The proceedings explore knowledge organization systems and their role in knowledge organization, knowledge sharing, and information searching.

The papers cover a wide range of topics related to knowledge transfer, representation, concepts and conceptualization, social tagging, domain analysis, music classification, fiction genres, museum organization. The papers discuss theoretical issues related to knowledge organization and the design, development and implementation of knowledge organizing systems as well as practical considerations and solutions in the application of knowledge organization theory. Covered is a range of knowledge organization systems from classification systems, thesauri, metadata schemas to ontologies and taxonomies.

Zusammenfassung

Der Tagungsband untersucht Wissensorganisationssysteme und ihre Rolle bei der Wissensorganisation, dem Wissensaustausch und der Informationssuche. Die Beiträge decken ein breites Spektrum von Themen ab, die mit Wissenstransfer, Repräsentation, Konzeptualisierung, Social Tagging, Domänenanalyse, Musikklassifizierung, Fiktionsgenres und Museumsorganisation zu tun haben.
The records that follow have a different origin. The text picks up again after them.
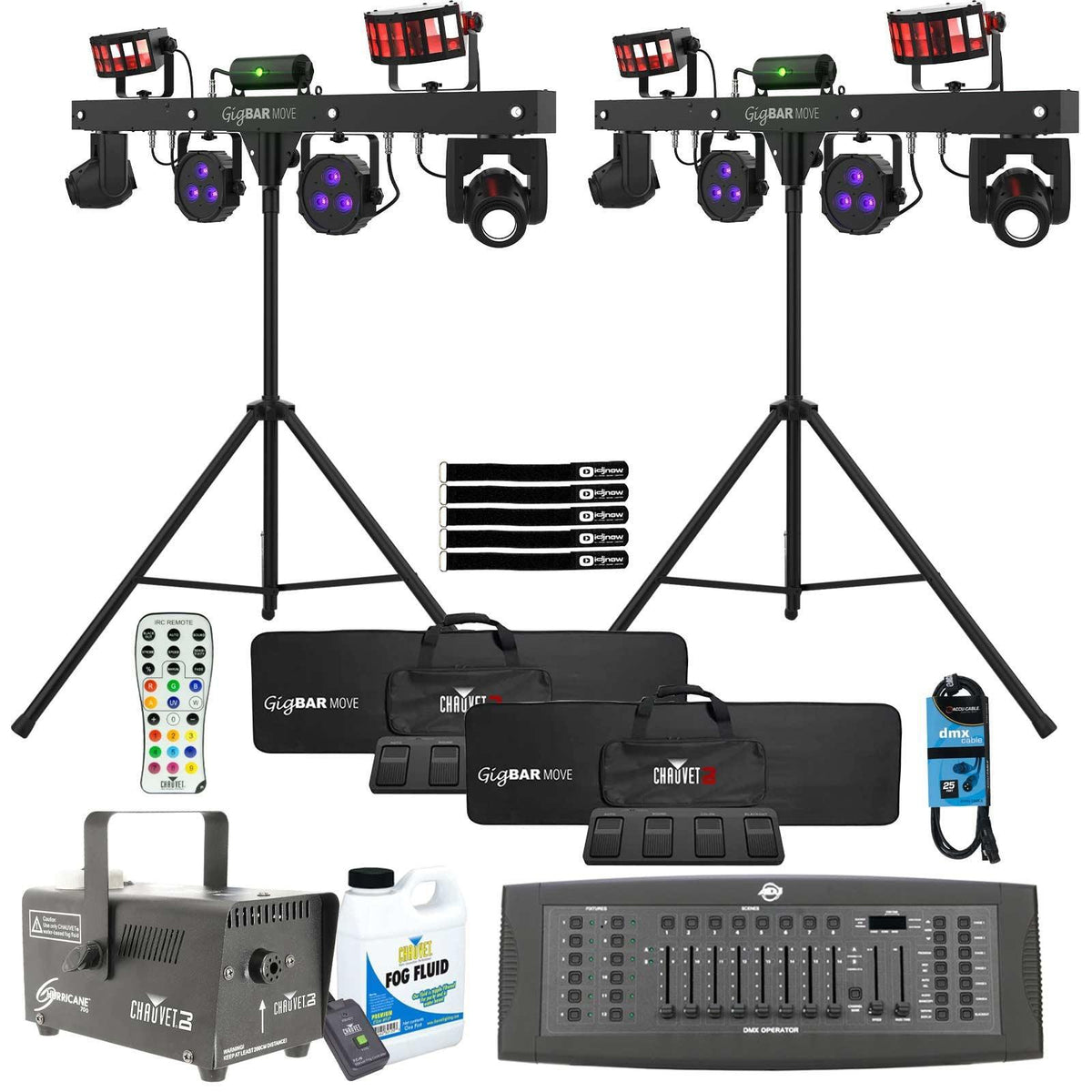 2x Chauvet DJ GigBar Move 5-in-1 Ultimate Effect Light Systems with DMX Controller &amp; Fog Machine Package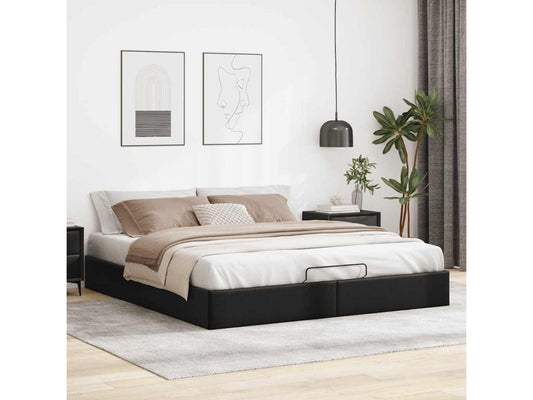 Ottoman bed frame without mattress, black, 160x200 cm, faux leather
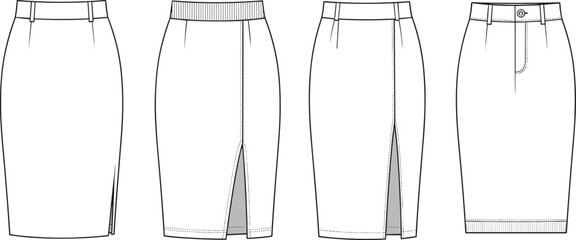 Pencil skirt CAD technical flat illustration, front and back views, fashion vector drawing, office skirt design, garment mockup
In den Beiträgen werden theoretische Fragen der Wissensorganisation und des Designs, der Entwicklung und Implementierung von Systemen zur Wissensorganisation sowie praktische Überlegungen und Lösungen bei der Anwendung der Theorie der Wissensorganisation diskutiert. Es wird eine Reihe von Wissensorganisationssystemen behandelt, von Klassifikationssystemen, Thesauri, Metadatenschemata bis hin zu Ontologien und Taxonomien.